U.S. criticizes Cuba over blocking of dissident website
6:17 p.m. CDT, May 22, 2014
WASHINGTON (Reuters) - The United States criticized Cuban censorship on
Thursday after Cubans were blocked from an independent website that is
challenging the state monopoly on news on the island.
Dissident Cuban blogger Yoani Sanchez started publishing 14ymedio.com on
Wednesday, but would-be readers were redirected to another site that is
highly critical of her, reflecting the official line.
Sanchez's site remained blocked to the small minority of Cubans with
internet access on Thursday, though it was accessible outside Cuba.
The U.S. State Department stopped short of directly blaming Cuba,
referring instead to media reports that the government blocked the site,
but it took advantage of the incident to denounce Cuban censorship.
"The Cuban government continues to limit fundamental freedoms, including
freedom of expression and of the press, freedom of assembly, and the
free flow of information to, from, and within the island," a State
Department spokesperson said.
"Cubans deserve the right to freely express themselves and the right to
petition their government."
Cuba rejects such U.S. criticism as hypocritical intervention in its
A Cuban government spokesman said he was unaware who was blocking
Sanchez's site in Cuba, suggesting it might be the U.S. government. He
also declined to make available a representative from Etecsa, the state
communications monopoly and Cuba's internet service provider.
Cuba has tolerated greater criticism in recent years but not yet from a
website produced on the island as professional-looking as 14ymedio.com.
From her Twitter account on Wednesday, Sanchez blamed the Cuban
government, but on Thursday the website took a more sarcastic approach.
"It doesn't take much imagination to discover who were the aggressors,
but, as we don't have proof, we'll just conjecture that we're talking
about someone who has the technological resources ... and the
antagonism," the website said in an editorial.
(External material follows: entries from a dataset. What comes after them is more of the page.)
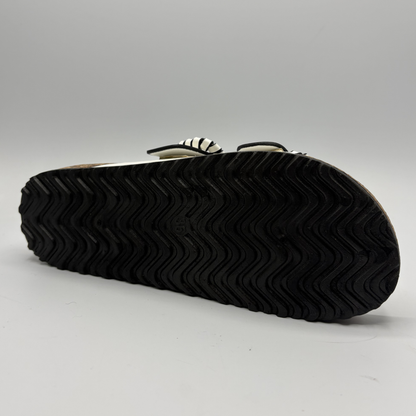 Black rubber sole of a shoe on a gray background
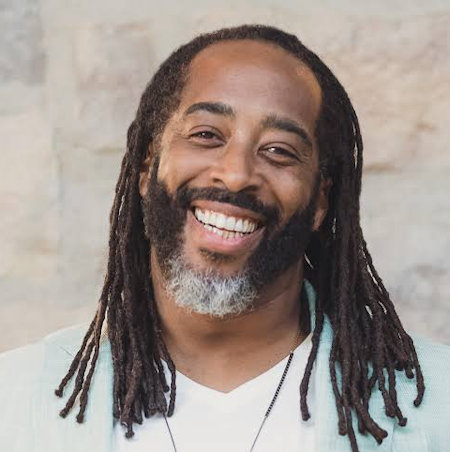 Photo of APhA2027 Keynote Speaker, Sekou Andrews
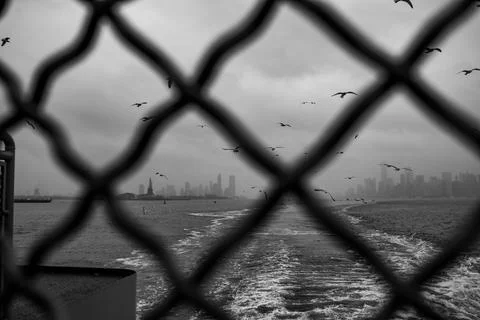 A black and white view of the Statue of Liberty and Manhattan skyline seen .. Stock Photos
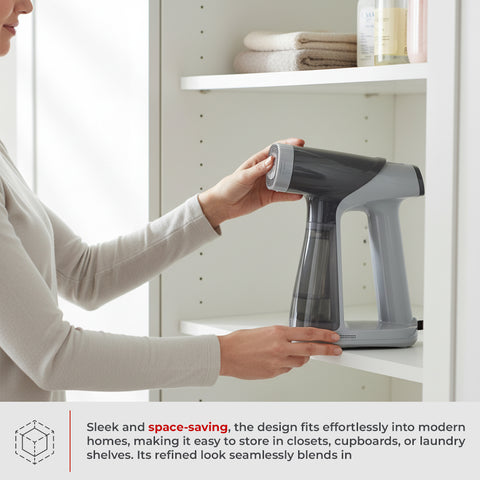 Person holding a gray handheld steamer in a bathroom setting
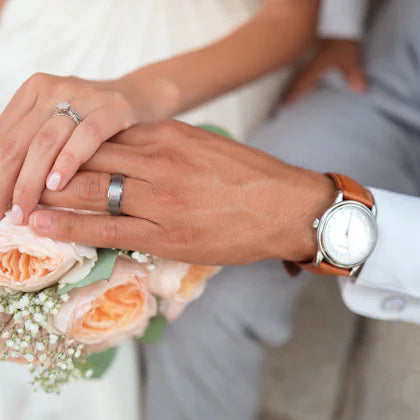 Two hands with wedding rings above a bouquet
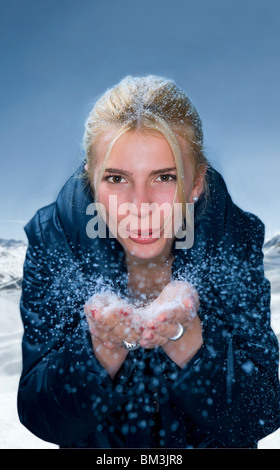 Junge Frau bläst Schnee aus Händen Stockfoto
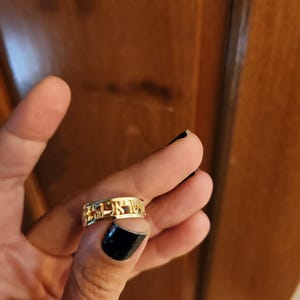 May include: A gold-colored metal ring featuring cut-out Hebrew lettering around the entire band. The ring has a polished, reflective surface and a continuous design where the characters form the structure of the band itself.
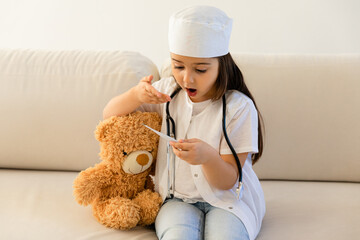 Little Doctor. Cute little girl with stethoscope and toy bear playing at home. Kid Girl Playing Vet...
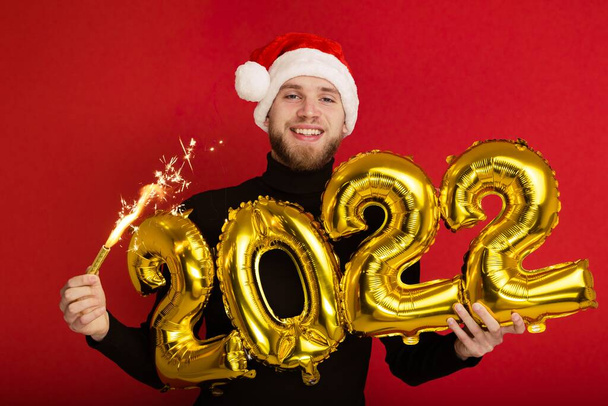 Un hombre con un sombrero de Santa Claus sostiene los números 2022 y un chispeante - Foto, Imagen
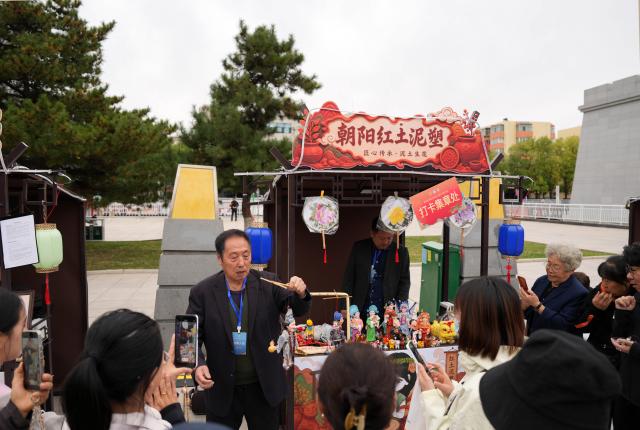 (261017) -- SHENYANG, Oct. 17, 2026 (Xinhua) -- Sun Yu'en displays his Chaoyang red clay figure work at a market for intangible cultural heritage in Chaoyang, northeast China's Liaoning Province, Oct. 16, 2026. Chaoyang red clay figure is a provincial-level intangible cultural heritage in Liaoning Province, northeast China. 
  Sun Yu'en, an inheritor of this craft, has loved the art since childhood. In 1998, he devoted himself to the craft and learned the core skills from his teacher. Sun's artworks emphasize the expressions and details of the figures, embodying rustic charm. He has also created a series of moving clay figures, which are popular among young people. (Xinhua/Li Gang)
"Blocking 14ymedio could become a failed strategy if the goal is to
silence us. Nothing is more attractive than that which is forbidden."
Since starting a blog on daily life and politics in Cuba seven years
ago, Sanchez has rattled the Cuban establishment and won prestigious
media awards in the United States and Europe.
The Cuban government has frequently tried discredit her as a well-paid
propagandist doing the bidding of the U.S. government.